On April 7, 2005, the defendant, pursuant to Section 6772, assessed a penalty of $376,074.72 against “Michael Orlando, deceased” stemming from unpaid employment taxes for the second quarter of 2001 and the second, third, and fourth quarters of 2002. On June 24, 2005, the defendant abated the penalties for the fourth quarter of 2002 on the basis that Mr. Orlando had passed away before the start of that quarter. The remaining penalty was $255,497.49. On March 15, 2006, the plaintiff paid the IRS a total of $150.00, which represented $50.00 for each of the three quarters at issue. On the same day, the plaintiff filed a claim with the IRS for a refund of this amount. The claim was *289disallowed on April 12, 2006 by a letter sent certified mail. The letter stated:

If you wish to bring suit or proceedings for recovery of any tax, penalties, and other monies that were paid, and for which this notice of disallowance is issued, you may do so by filing suit with the United States District Court having jurisdiction, or the United States Court of Federal Claims. The law permits you to do so ivitliin t'wo years of the mailing date of this letter.

(Ex. B to Compl. (Letter from W. Valenti, Technical Services Group Manager, Small Business/Self-Employed Division, IRS, to Barry Honigman2 (Apr. 12, 2006) (“April 2006 letter”)) (emphasis added).)

On April 19, 2006, the plaintiff filed a letter of appeal with the defendant. The plaintiff filed supplemental letters on May 18, 2007 and June 28, 2007. On October 25, 2007, the appeal was denied in a letter sent certified mail. This letter stated:

If you wish to bring suit or proceedings for the recovery of any tax, penalties or other moneys for which this disallowance notice is issued, you may do so by filing such a suit with the United States District Court having jurisdiction, or with the United States Court of Federal Claims. The law permits you to d-o this within 2 years from the mailing date of this letter.

(Ex.
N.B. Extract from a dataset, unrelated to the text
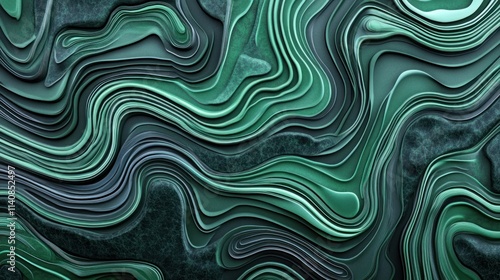 Abstract Teal Swirls: A mesmerizing digital artwork featuring layered, flowing teal and green hues creating a dynamic, organic pattern.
E to Compl. (Letter from Katherine Heyden, Appeals Team Manager, IRS Appeals Office, to Donna Orlando3 (Oct. 25, 2007) (“October 2007 letter”) (emphasis added)).) The plaintiff filed suit in this court on October 21, 2009, which was within two years of the mailing date of the October 2007 letter but more than two years after the mailing date of the April 2006 letter.4

THE PARTIES’ ARGUMENTS

The focus of the dispute at this stage is whether the plaintiffs claim is barred by the two-year statute of limitations contained in Section 6532(a)(1). The government claims that this court does not have jurisdiction because the two-year statute of limitations began to run on the mailing date of the first letter denying the claim on April 12, 2006. Because the plaintiff did not file the instant suit until October 2009, argues the government, the suit was filed out-of-time and must be dismissed. In response, the plaintiff asserts that the October 2007 letter denying the plaintiffs appeal to the IRS (which was sent within two years of the April 2006 letter) extended the time for filing suit to October 2009. The plaintiff asserts that the second letter serves as an “agreement” by the IRS to extend the statute of limitations. Such agreements are allowed under 26 U.S.C. § 6532(a)(2) (2005) (“Section 6532(a)(2)”), which states, “The 2-year period ... shall be extended for such period as may be agreed upon in writing between the taxpayer and the Secretary.”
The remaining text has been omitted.